Continuation of front page (56) References JP-A-62-32600 (JP, A) JP-A-4-259814 (JP, A) JP-A-62-138719 (JP, A) JP-A-62-95699 (JP) JP-A-63-196813 (JP, A) JP-A-62-74199 (JP, A) JP-A-62-102112 (JP, A) JP-A-2-107018 (JP, U) (58) Field surveyed (Int. Cl. ⁶ , DB name) G01C 21/00 G08G 1/0969 G09B 29/10

Claims (1)

(57) [Claims] 1. A map data storage means for storing map data, and guidance for obtaining a node sequence constituting an optimal guidance route from a departure place to a destination with reference to the map data stored in the map data storage means. Route search means, guidance route storage means for storing a node sequence constituting the guidance route determined by the guidance route search means, and vehicle position detection means for detecting the current position of the vehicle, which are stored in the map data storage means.
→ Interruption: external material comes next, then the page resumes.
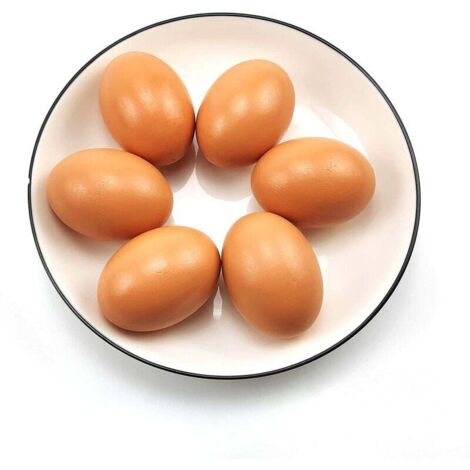 Huevos de gallina falsos BETTE Juego de 6 huevos falsos de madera para ayudar a las gallinas a poner huevos - Herramienta agrícola - Nido de aves de corral ficticio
Route guidance of an in-vehicle navigator that displays a map image around the vehicle position together with the vehicle position mark on the display means using the map data obtained and provides a predetermined route guidance using the node sequence stored in the guidance route storage means. The method, comprising: a node sequence of a guidance route storage means based on vehicle position information;
Alternatively, by referring to the node sequence of the guidance route storage means and the map data of the map data storage means, the direction to travel at the intersection closest to the vehicle position when viewed in the vehicle traveling direction on the guidance route is determined. Based on the obtained driving direction, after providing a predetermined intersection driving direction guidance, based on the vehicle position information, detect the node that the vehicle last passed, and match the detected node with the intersection in the intersection driving direction guidance Or the current intersection traveling direction guidance is terminated when a node that is earlier on the guidance route than the relevant intersection in the node row of the guidance route storage means is provided. How to guide.